Work through the data below and copy out every line where "with" is found.

◆ **Dataset records**
--- START ---

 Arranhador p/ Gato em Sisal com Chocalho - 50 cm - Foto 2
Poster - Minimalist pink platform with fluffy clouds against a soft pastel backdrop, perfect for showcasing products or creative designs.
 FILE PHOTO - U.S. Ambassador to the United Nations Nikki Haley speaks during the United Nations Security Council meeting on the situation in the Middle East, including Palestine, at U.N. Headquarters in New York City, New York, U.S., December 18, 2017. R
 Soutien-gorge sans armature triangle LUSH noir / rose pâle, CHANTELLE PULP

--- END ---
--- START ---

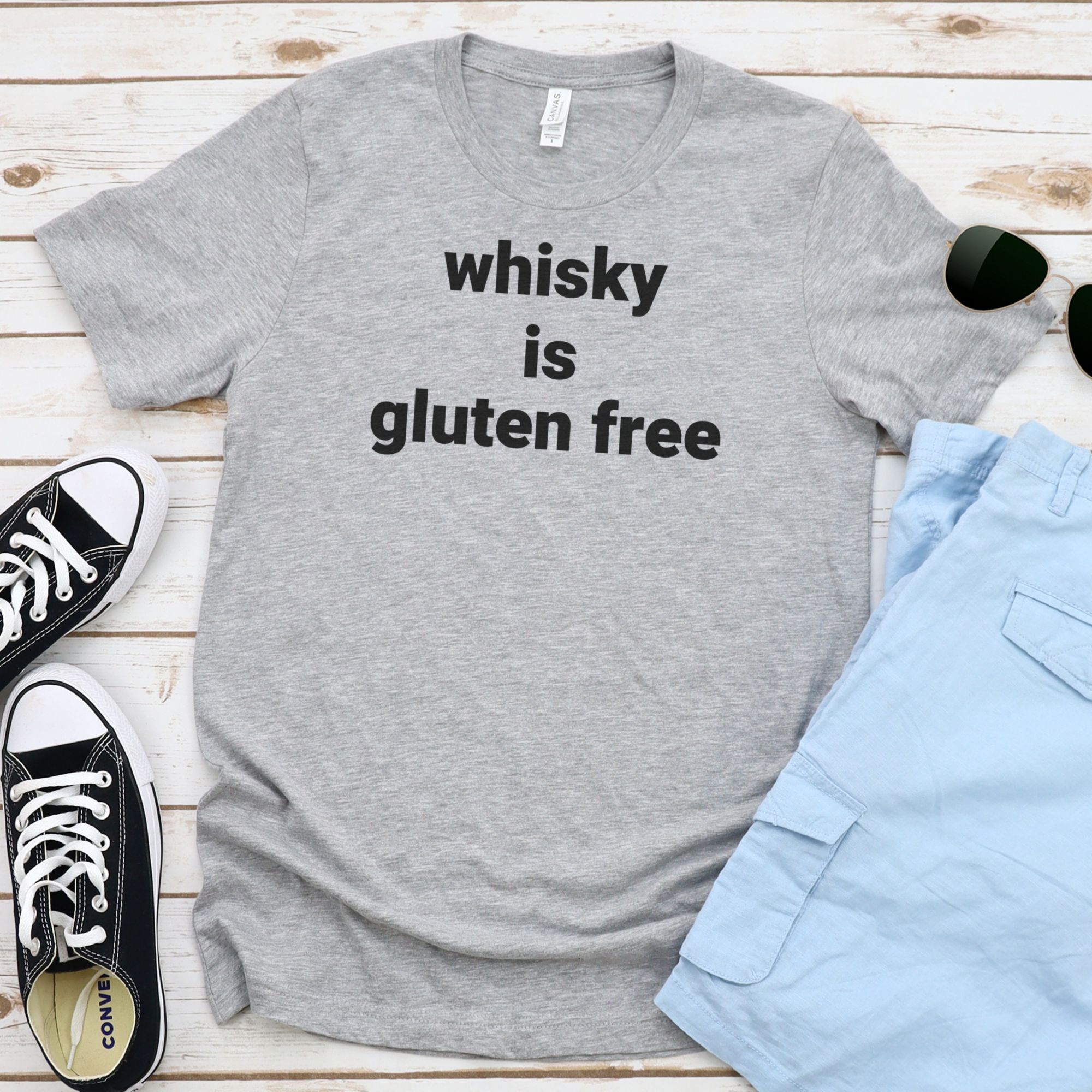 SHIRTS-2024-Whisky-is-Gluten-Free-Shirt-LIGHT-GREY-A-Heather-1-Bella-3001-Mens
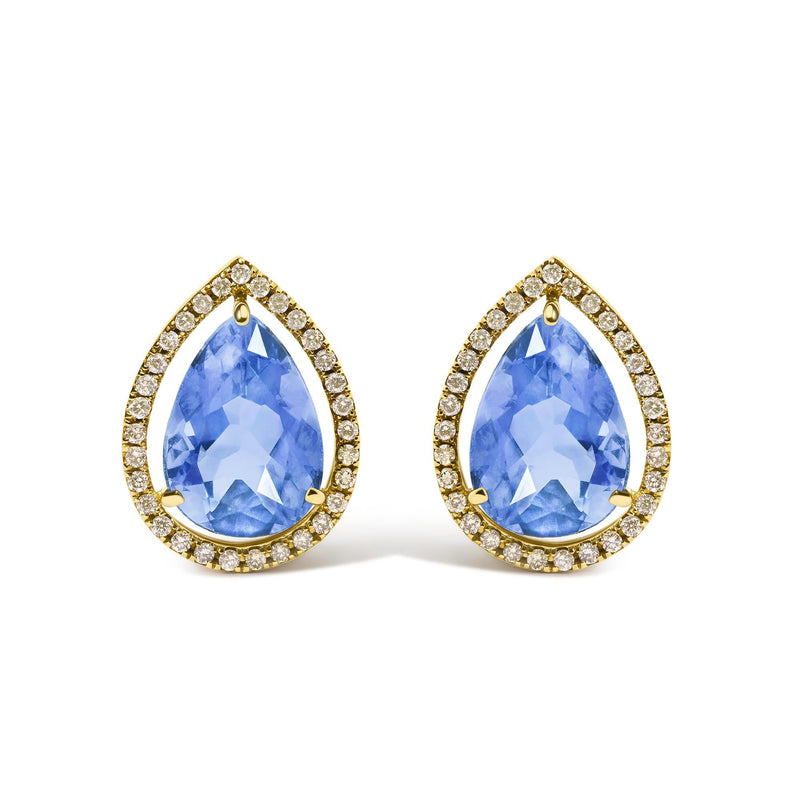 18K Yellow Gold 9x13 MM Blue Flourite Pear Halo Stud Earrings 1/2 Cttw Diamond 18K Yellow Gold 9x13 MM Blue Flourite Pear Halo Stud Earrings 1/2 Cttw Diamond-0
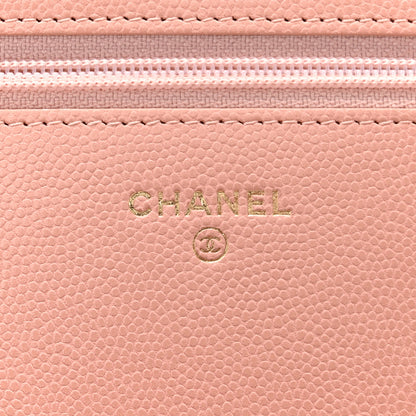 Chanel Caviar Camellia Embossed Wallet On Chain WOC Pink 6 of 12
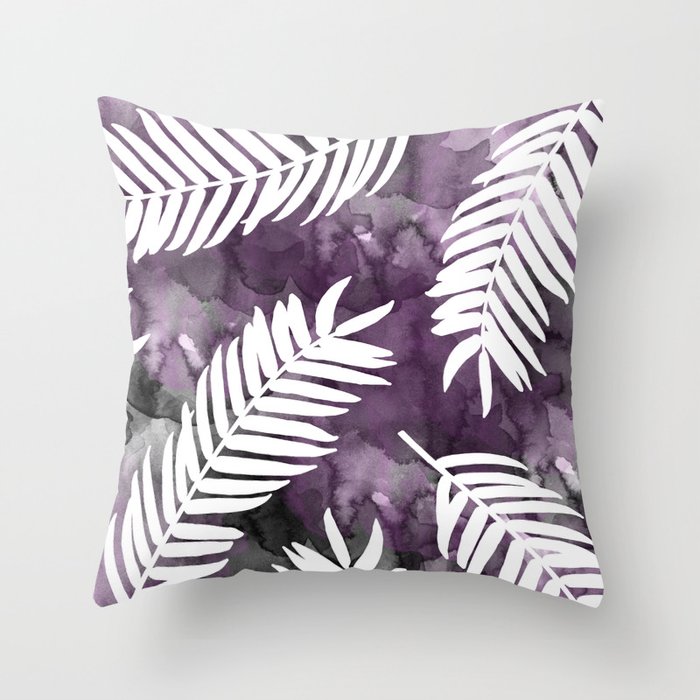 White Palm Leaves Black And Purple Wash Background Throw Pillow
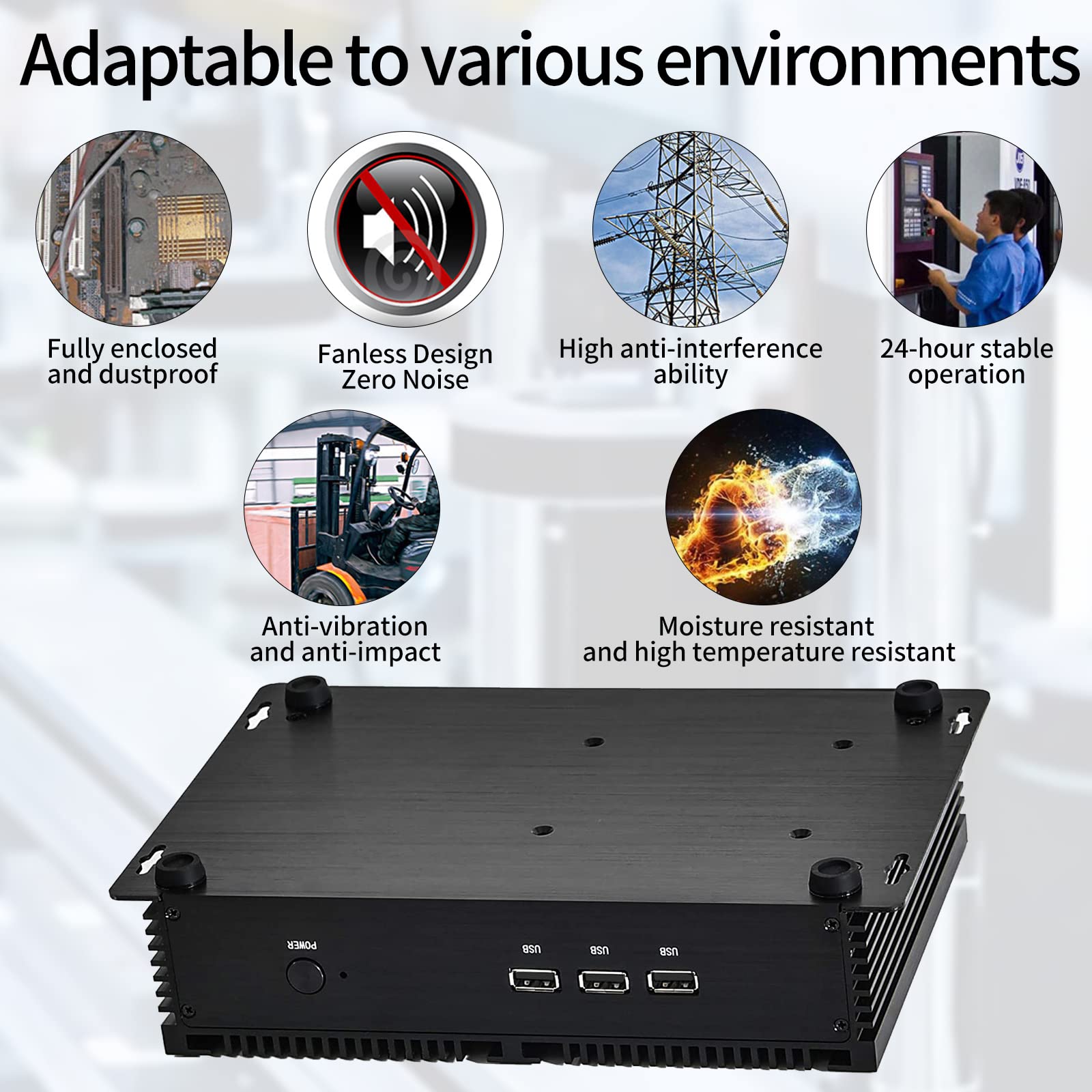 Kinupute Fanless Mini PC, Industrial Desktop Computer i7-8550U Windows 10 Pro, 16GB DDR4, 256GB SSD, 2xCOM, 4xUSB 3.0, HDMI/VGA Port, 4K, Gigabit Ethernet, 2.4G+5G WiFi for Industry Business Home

--- END ---
--- START ---

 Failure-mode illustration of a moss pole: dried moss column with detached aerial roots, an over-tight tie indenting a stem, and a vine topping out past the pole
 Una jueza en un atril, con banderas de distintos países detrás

--- END ---

◆ **Task result**
Poster - Minimalist pink platform with fluffy clouds against a soft pastel backdrop, perfect for showcasing products or creative designs.
 Failure-mode illustration of a moss pole: dried moss column with detached aerial roots, an over-tight tie indenting a stem, and a vine topping out past the pole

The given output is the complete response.